Taking the time to do these things ahead of time allows you to process what is happening. It also allows your parent to digest what was said and enter into more talks later. It can be challenging to wrap one’s head around a big life transition.
It’s not only a one-time conversation. Instead, the best thing is to have a series of talks. After all, this isn’t something that happens every day. It’s a life transition and a major one. Everyone involved is learning and figuring out what is best for the parent. They are the focus here.
Try to remain calm in all conversations. It is a trying time for all but keeping an even tone of voice and staying positive is likely going to be what moves the talk forward and create a productive environment.
A few last words on the senior years
Of course, I am not saying that what your aging parent wants isn’t important! In fact, it’s most important. But what few people talk about is the impact that the transition to a senior home has on the adult child. From fear about their parent to fear about their own mortality, as well as dealing with change and much more, there is a lot going on here.
The move to assisted living affects everyone in the family. It can be mentally and emotionally exhausting for all, especially the older folks who will be moving to assisted living.
This is an important topic.
Yes, we should look at the best options, for them.
Yet, let me put on a pair their shoes!
What are the options now?
Hi Resa! I was going to email you to say that the post was live. Thanks again for suggesting the topic. xx Wishing you a lovely weekend
Food for thought, Christy! I’ve talked to my oldest about my mortality and she asked me to write an obituary for myself because she wouldn’t want to get it wrong. We haven’t spoken about senior facilities yet. Maybe soon.
Oh wow, that must have been difficult to start to pen your obituary, Linda. It’s good your daughter asks for what she feels she needs, and good that you’re starting the conversation xx
The child becomes the parent, and the parent becomes the child as they age and become frail.
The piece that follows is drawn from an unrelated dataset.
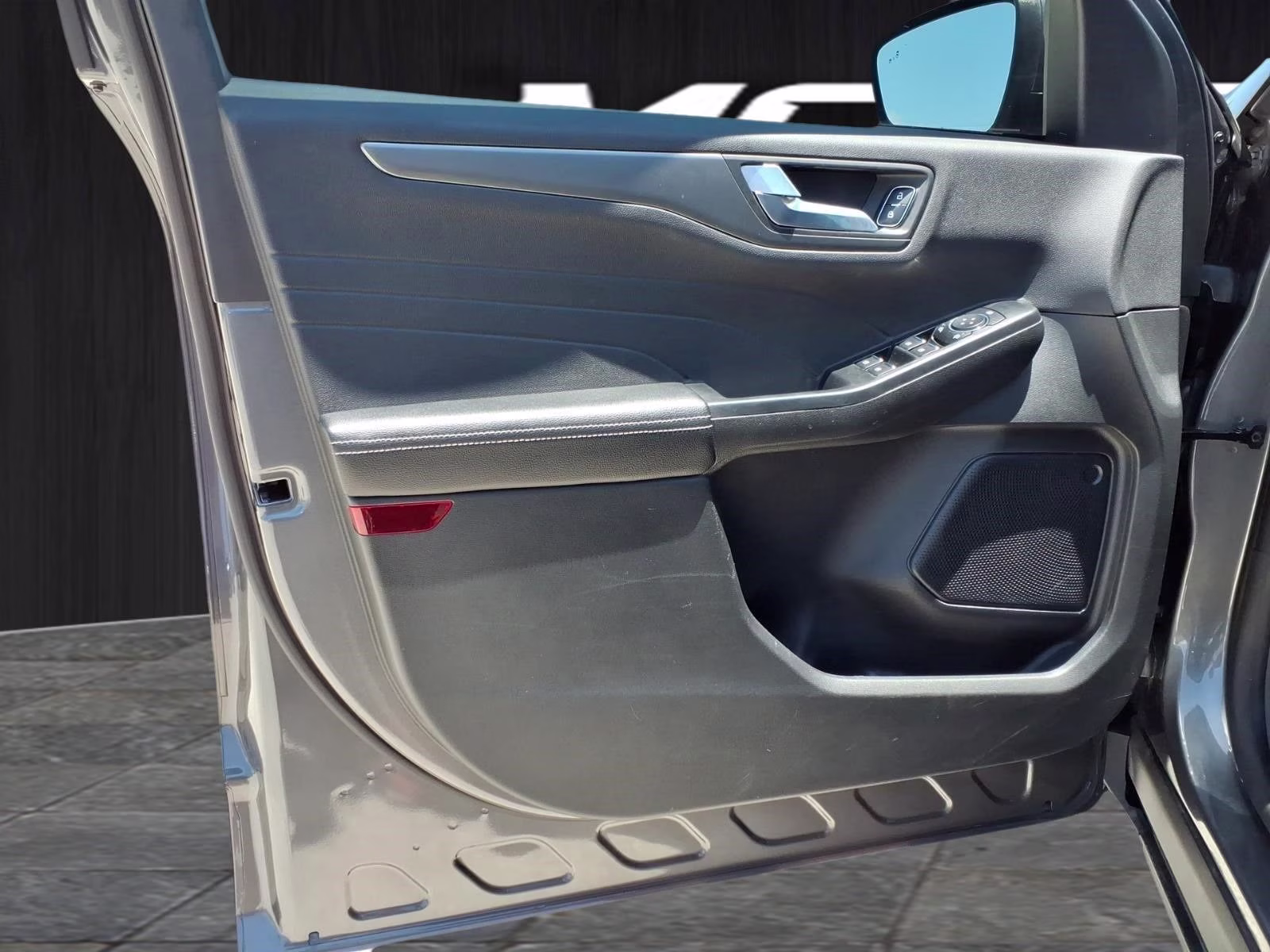 2024 Gray Metallic Ford Escape Plug-In Hybrid Base FWD SUV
My mother, ever the realist, got me to arrange her funeral while she was still alive. She moved into sheltered housing, where she had her own flat, but also had carers on hand.
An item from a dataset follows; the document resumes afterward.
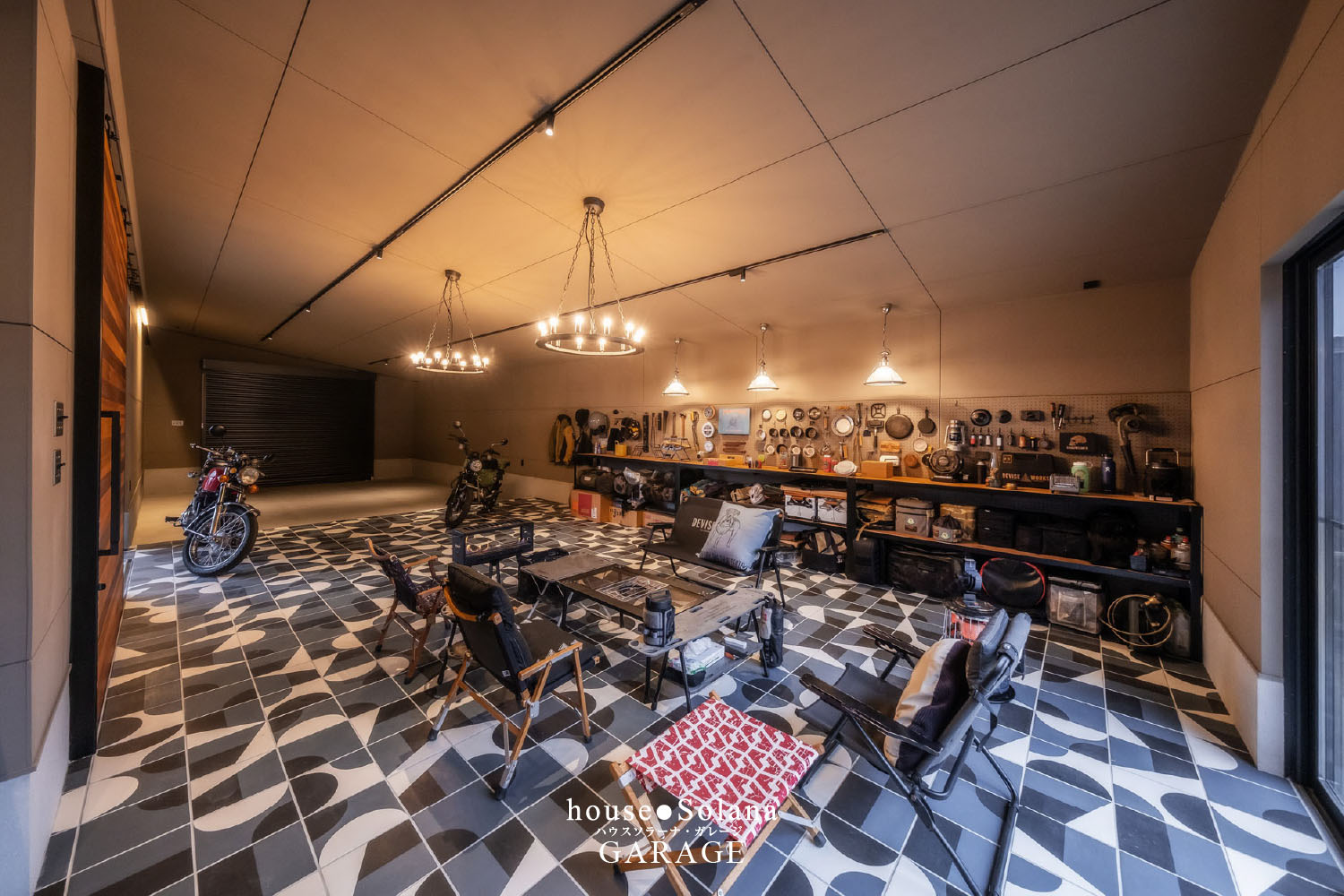 ソラーナガレージ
Your mother sounds like she was always thinking ahead and, as you say, a realist. It’s true that the parent-child roles reverse. I marvel at the circle of life, the complexity of relationships, and the unconditional love that can exist between two people. I hope you are well, Stevie xx
I’m fine, thanks Christy. Mum’s been gone 5 years now, but I do miss her even though we didn’t always get along.
I can’t imagine how hard it must be, Stevie. My parents are retired and I love them so much
We all have to take time to grieve, but then move on with our lives.